* [WORK ITEM]: Print, exactly and with no pictures, the line containing "Foxglove by Adalyn Grace" and each line after it to the end of the entries below.

* [SUPPLIED MATERIAL]:

%%

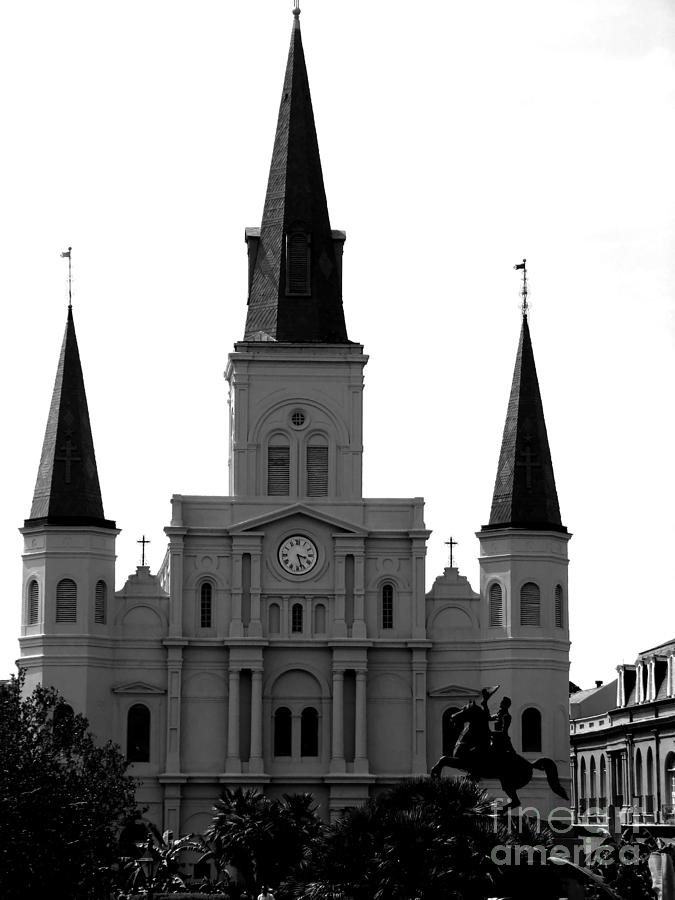 St Louis Cathedral Photograph by FineArtRoyal Joshua Mimbs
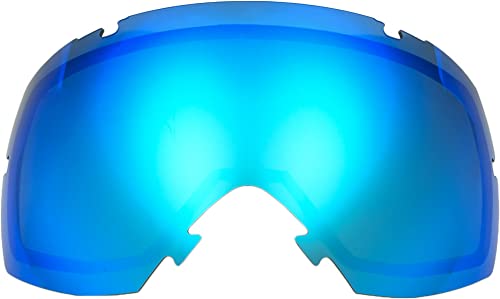 [ZERO TECH BASE] 自社製 交換レンズ スミス I/OX ゴーグル用 スキー スノーボード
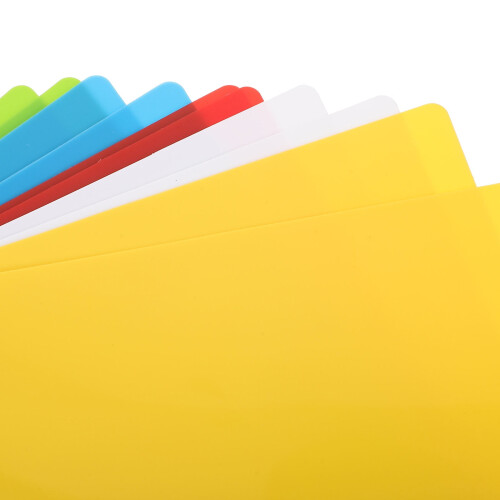 Flash Cards Blank Flash Cards Multi-Use Design 10Pcs 1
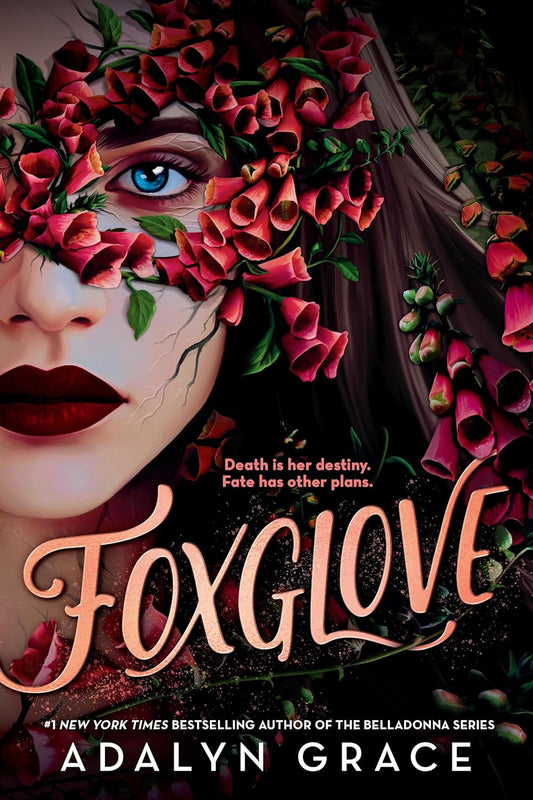 Foxglove by Adalyn Grace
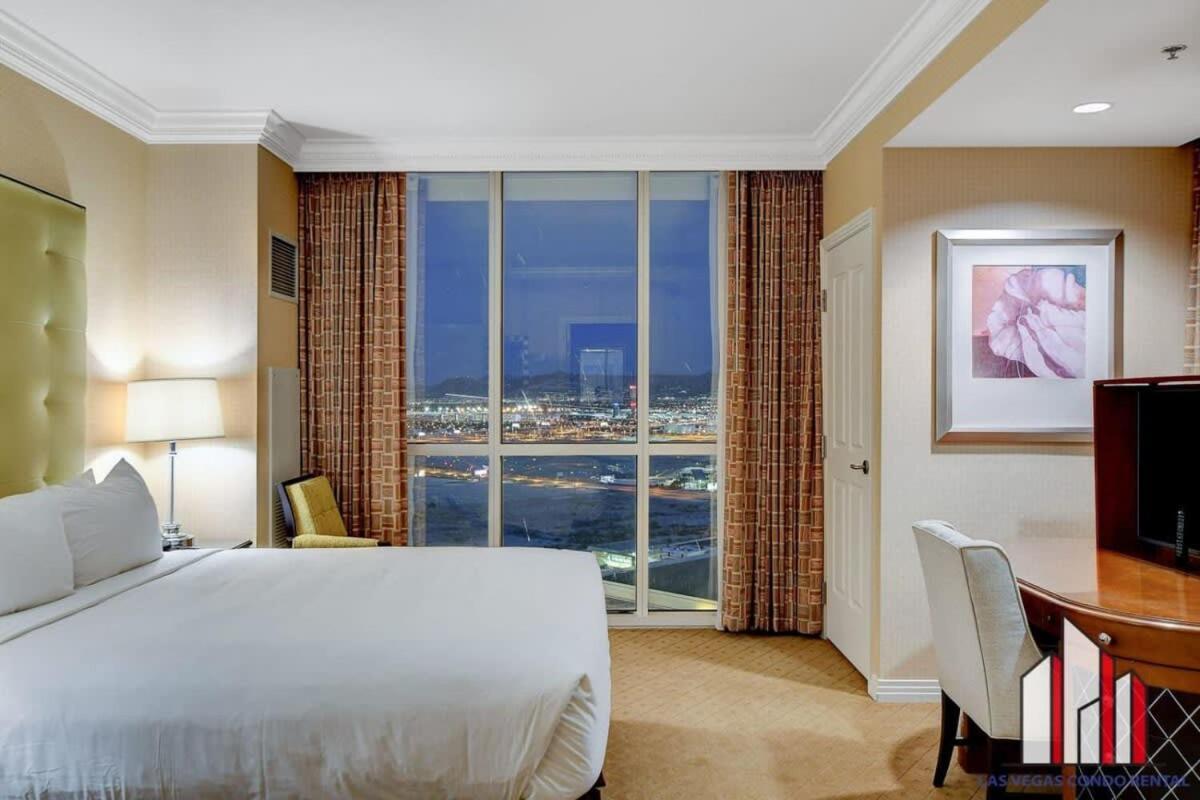 Mgm Signature-25-702 1Bedroom 2Bath Balcony Suite Las Vegas Esterno foto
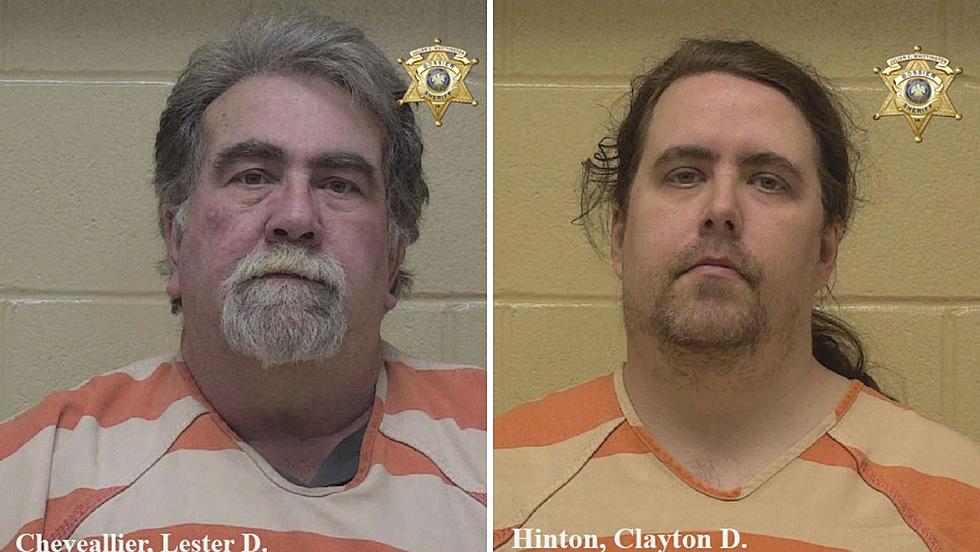 Bossier Father and Son Arrested for Sex Crimes Involving Juveniles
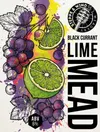 3 — Black Currant & Lime Mead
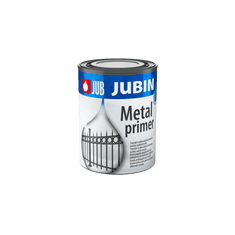 JUB JUBIN Metal primer 0,65 L osnovni premaz za železo in barvne kovine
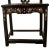 Antique Chinese 19th C Qing Dynasty Inlaid Dreamstone Mother of Pearl Chair 1850 For Sale - Image 13 of 13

%%

* [ANSWER]:
 Foxglove by Adalyn Grace
 Mgm Signature-25-702 1Bedroom 2Bath Balcony Suite Las Vegas Esterno foto
 Bossier Father and Son Arrested for Sex Crimes Involving Juveniles
 3 — Black Currant & Lime Mead
 JUB JUBIN Metal primer 0,65 L osnovni premaz za železo in barvne kovine
 Antique Chinese 19th C Qing Dynasty Inlaid Dreamstone Mother of Pearl Chair 1850 For Sale - Image 13 of 13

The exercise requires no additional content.